Marvell, Infineon and Delta Drive GTEK’s 30.9% YTD Gain
Goldman Sachs Future Tech ETF GTEK is up 30.9% YTD and 72.3% over 12 months, led by Marvell (+84.5% YTD), Infineon (+50.7% YTD) and Delta Electronics (+117% YTD).
The Goldman Sachs Future Tech ETF (GTEK) has returned 30.9% year-to-date and 72.3% over the past 12 months. Three holdings-Marvell Technology, Infineon Technologies and Delta Electronics-account for a large share of the fund’s gains this year.
GTEK is managed by Goldman Sachs and follows an active, bottom-up strategy that targets companies expected to drive technology innovation. The fund builds a high-conviction portfolio by screening for growth potential and quality, and it excludes companies with market capitalizations of $100 billion or more.
Marvell Technology, a U.S. semiconductor company, rose about 84.5% YTD. The stock moved higher as demand increased for chips used in cloud infrastructure and artificial intelligence workloads, lifting revenue expectations for suppliers of networking and storage semiconductors. Marvell is not an AI hyperscaler.
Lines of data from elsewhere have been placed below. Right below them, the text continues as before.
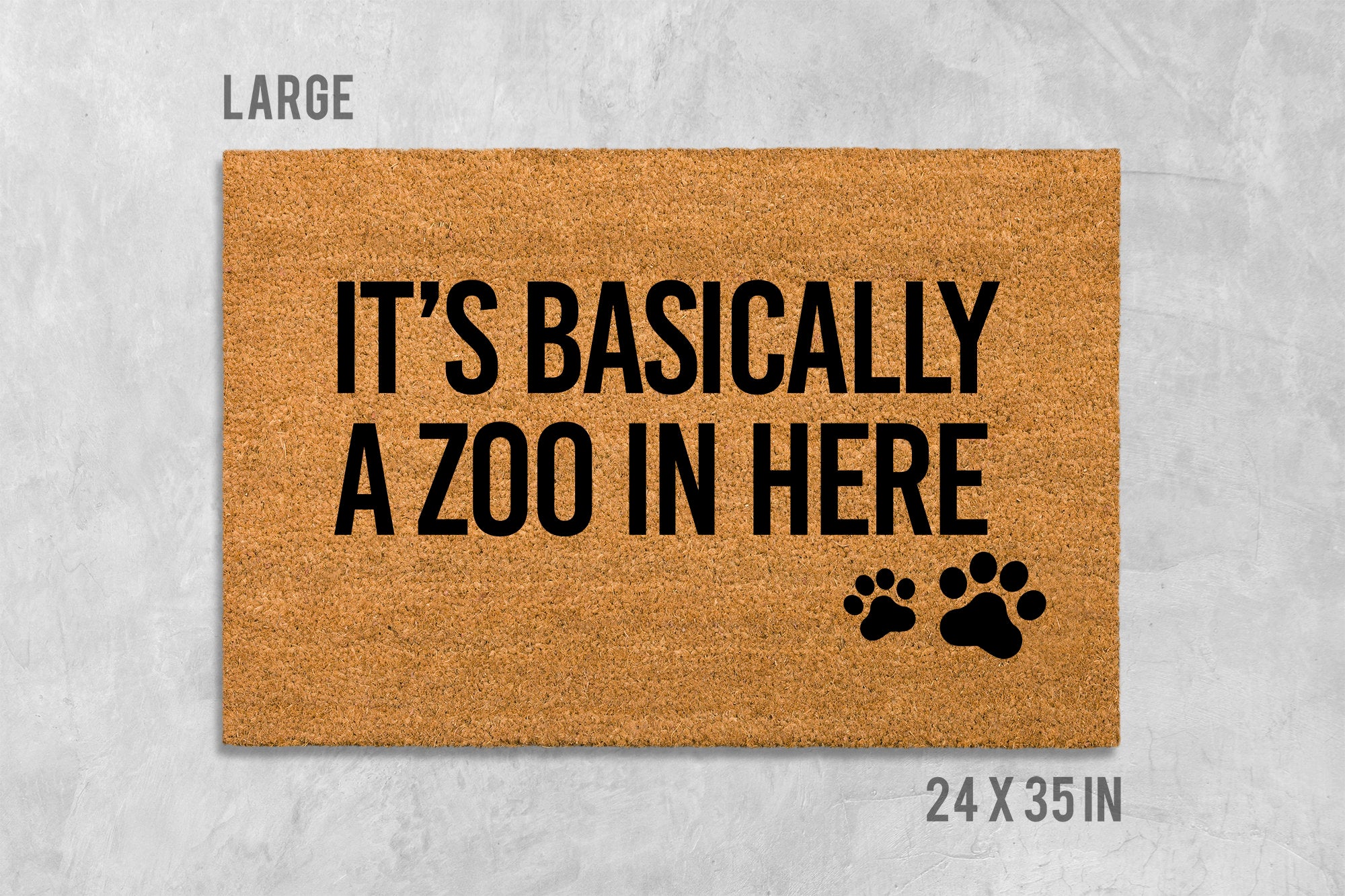 Funny Animal Doormat - Dogs, Cats Welcome Mat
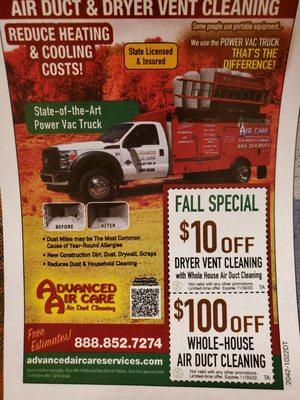 Advertisement from SaveOn October / November Coupon Book.   10/24/2022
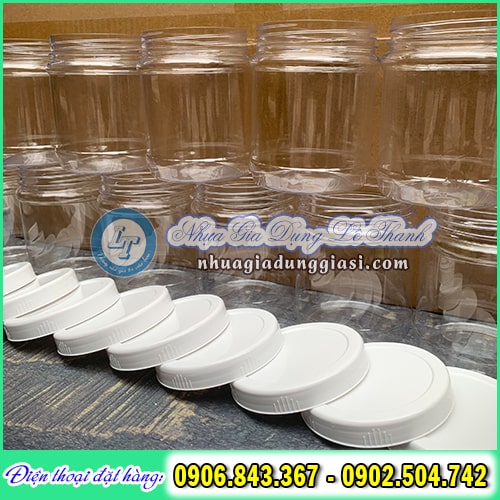 Chuyên bán hũ nhựa tròn nắp trắng giá rẻ nhất Chuyên bán hũ nhựa tròn nắp trắng giá rẻ nhất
Infineon Technologies, based in Germany, gained roughly 50.7% YTD. The company sells power management, sensors and connectivity chips for automotive, industrial and consumer markets. Increased orders tied to automotive electrification and industrial automation supported Infineon’s revenue outlook.
Delta Electronics, a Taiwan-based manufacturer, returned about 117% YTD. Delta supplies power and thermal management components to data centers and industrial clients, including industrial computer fans and power systems that address rising compute density and cooling needs.
The combined performance of these stocks has contributed materially to GTEK’s overall returns. By excluding the largest-cap tech firms, the fund tilts toward smaller and mid-cap technology-oriented companies across sectors such as semiconductors, communications and healthcare equipment.
Fund performance data show concentrated gains among those smaller, growth-oriented holdings have driven GTEK’s recent results. The fund’s active, concentrated positioning differs from passive technology indexes and narrows exposure to the largest-cap tech companies.